Infelizmente. Dentro do campo, é o maior país do mundo no futebol, na administração é o pior. Se estivesse bem administrado, o Flamengo não estaria falido. O Flamengo é o time que tem mais torcida no mundo e está falido. O dinheiro que entrou há pouco tempo sumiu e até agora ninguém sabe para onde foi. Agora a culpa é do passe do jogador?

Por quê o futebol demorou a ter contratos milionários se comparadado a outros esportes com menos praticantes, como o basquete e o beisebol?

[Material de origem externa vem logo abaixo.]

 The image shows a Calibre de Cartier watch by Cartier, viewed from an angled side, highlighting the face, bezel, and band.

É diferente. No beisebol e no futebol americano sempre teve passe livre. O que os Estados Unidos faturam no basquete o Brasil deveria faturar no futebol. Mas a administração não é profissional. Um tempo atrás quem mantinha os times do interior de São Paulo eram os grandes da capital. O Santos, o Corinthians, o Palmeiras contratavam os jogadores dos times pequenos e eles se mantinham. Agora os garotos estão saindo dos times pequenos e indo direto para a Europa.

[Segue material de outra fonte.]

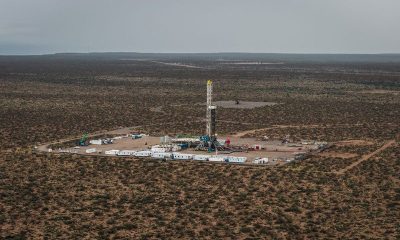 Aerial view of a drilling rig on a cleared well pad surrounded by scrubland in Vaca Muerta, Argentina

Do ponto de vista comercial, o Brasil tem agora a seleção brasileira mais cara de todos os tempos. Mas você acha que ela é a melhor?

Individualmente é uma das melhores. A de 82 chegou a ter o mesmo nível, mas não tinha o mesmo número de jogadores. Essa safra tem praticamente duas equipes do mesmo nível. O Robinho é o melhor da América Latina e é reserva. Como conjunto, a gente ainda não sabe. Na Copa de 70 o Brasil tinha talvez uns oito supercraques, não tinha 22, e até hoje ainda é considerada pela Fifa a melhor do mundo. Essa seleção brasileira de agora é uma das que tem mais talentos individuais.

Você ainda consegue ver futebol com a mesma paixão e ingenuidade do menino que se surpreendeu ao ver o pai chorar porque o Brasil perdeu a Copa de 50?

Bom, eu não queria ver o Brasil perder também (risos). Continuo assistindo futebol. Tivemos há uns dois, três anos um lampejo do Santos daqueles tempos, que foi com Robinho e o Diego. Era gostoso ver o Santos jogar. Sofro pra caramba, mas vou ver.